When I got home, my roommate was watching Taxi To the Dark Side-a film about contemporary torture practices by the United States.  In great detail, I learned more than I could’ve imagined about what unthinkable conditions the prisoners at Guantanamo Bay & Abu Graib withstood.  These guys weren’t even allowed to sleep, were beaten with sticks, sexually humiliated, and had all of their five senses severely messed with to create such profound disorientation, that they literally went insane, tried to commit suicide, or died.  It was then that I started to feel like a giant tool for going to this bourgie gym and enjoying it as much as I did, and even considering paying $180 A MONTH just for a cushy gym. 

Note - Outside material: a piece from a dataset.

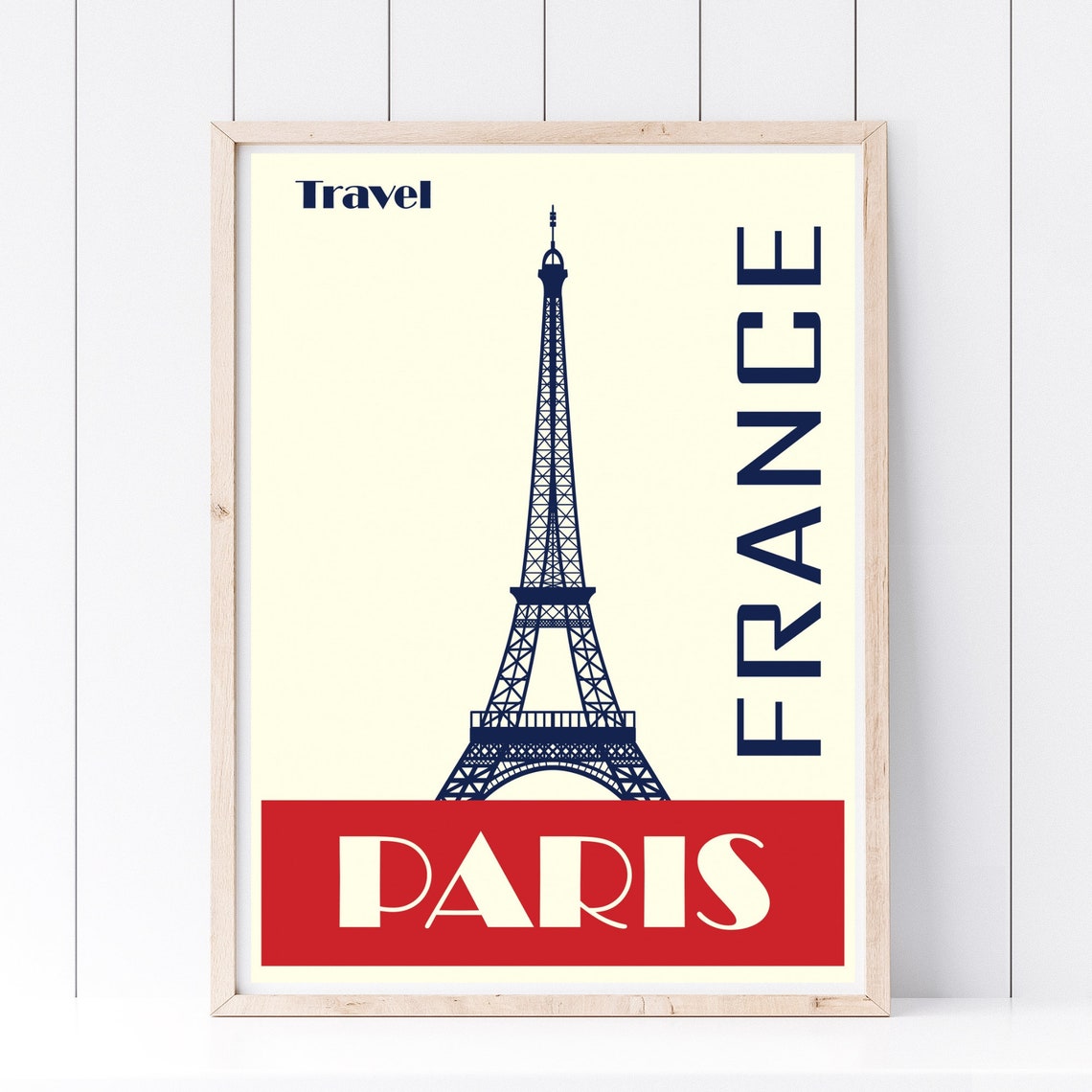 Din A4 Art Print Without Frame Eiffel Tower Paris France Vintage Travel Poster Print Poster Image
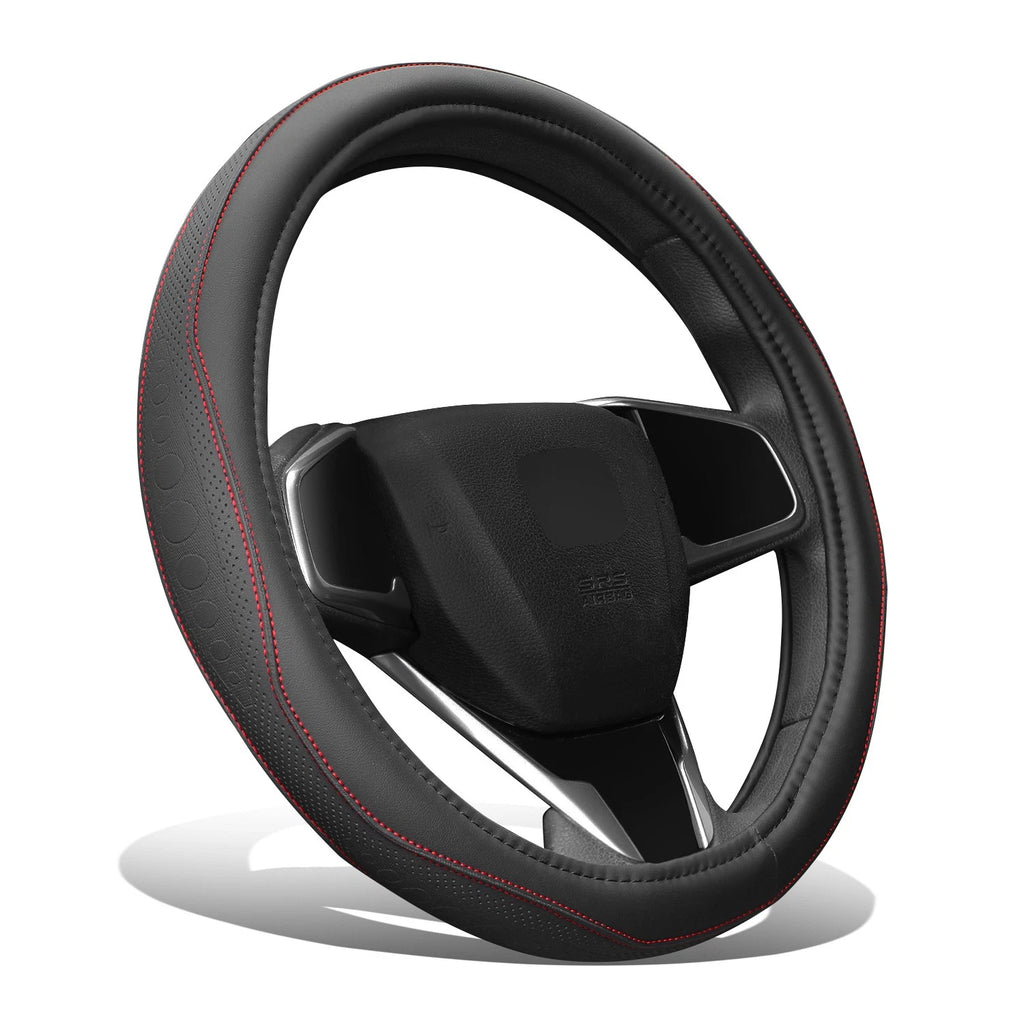 Red Perforated Leather Steering Wheel Cover for Universal 14.5"-15"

Now, with only one day left on the pass, though I am still, admittedly, thoroughly enjoying being spoiled by this gym, it’s sort of frightening that I’m sort of getting used to all the accouterments.  When you think about the standard of living that most people have in the rest of the world, it seems disgusting, narcissistic, and excessively luxurious and wasteful that I can even go to a gym at all, plus that such a place as Equinox exists.  It’s gross that only certain types of people get to experience this type of treatment/environment.  Most of those people probably who belong there don’t even deserve it.  So where does this leave me?  How do I reconcile my simultaneous guilt/disgust and desire for Western excess? 

Because I live in this weird reality that is the United States, and is especially heightened in New York City, does that mean that as long as I’m not being too gross in comparison to everyone else, that it’s sort of ok?  I mean, should I renounce the gym altogether and grow some balls and move to a 3rd World Country doing real work, working for real global change?  In the meantime, I’m going to go back to Crunch, and hopefully won’t feel like either I’m being denied basic human dignities, nor like I’m a total capitalist pig.